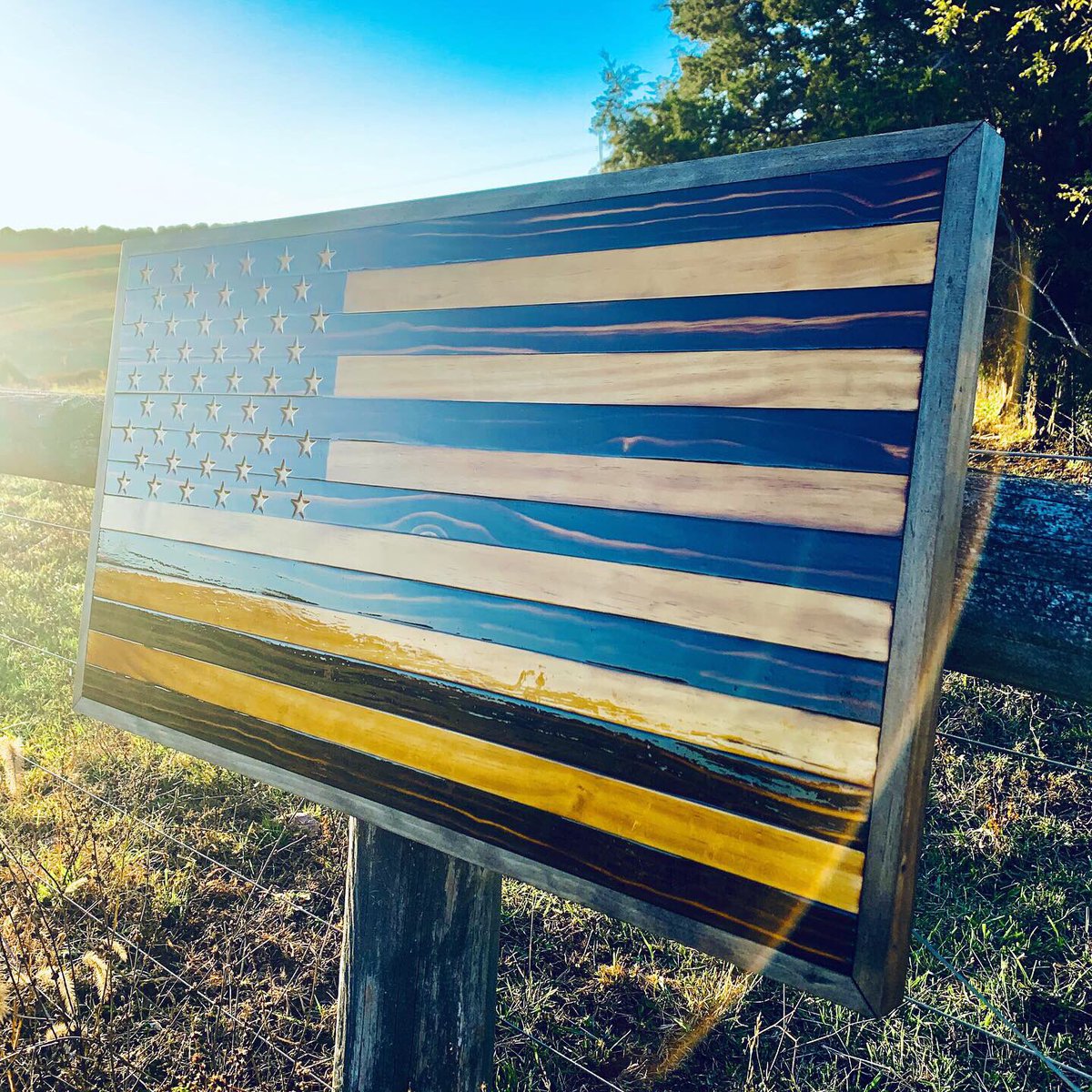 TARCO flags, built to hang anywhere. 

Where would you hang yours?

#america #americana #woodamericanflag #homedecor #outdoors #oleglory #patriotic #rusticdecor #rustichomedecor #rusticliving #woodworking #woodart #wallart #iloveamerica #jeeplife #WednesdayVibes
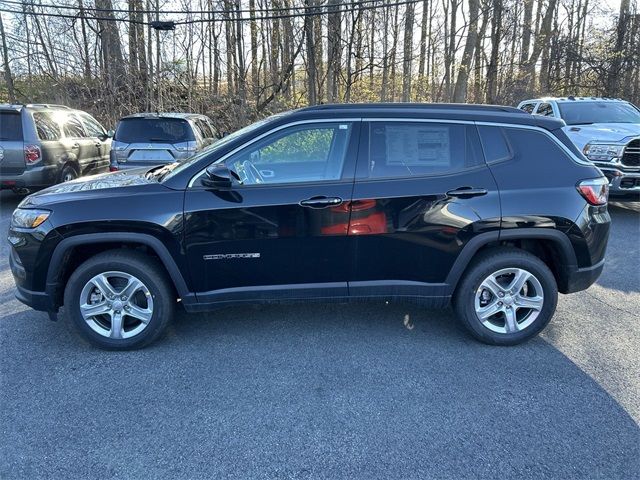 2024 Jeep Compass Latitude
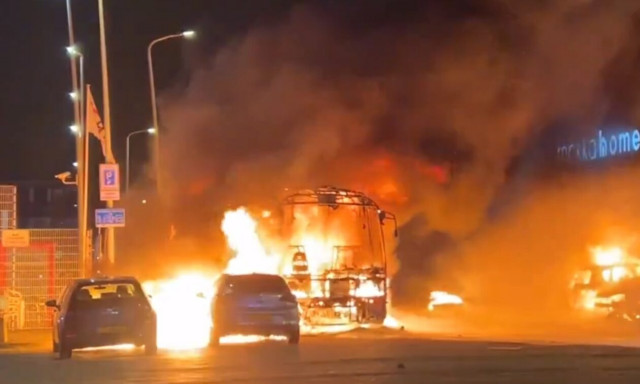 Άγριες συγκρούσεις στη Χάγη: Τραυματίστηκαν τέσσερις αστυνομικοί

_____

PROBLEM DETAILS » Restate verbatim the lines that begin at the one holding "#america #americana #woodamericanflag" and end at the last line of the material. Exclude pictures.

TASK ANSWER »
#america #americana #woodamericanflag #homedecor #outdoors #oleglory #patriotic #rusticdecor #rustichomedecor #rusticliving #woodworking #woodart #wallart #iloveamerica #jeeplife #WednesdayVibes
 2024 Jeep Compass Latitude
 Άγριες συγκρούσεις στη Χάγη: Τραυματίστηκαν τέσσερις αστυνομικοί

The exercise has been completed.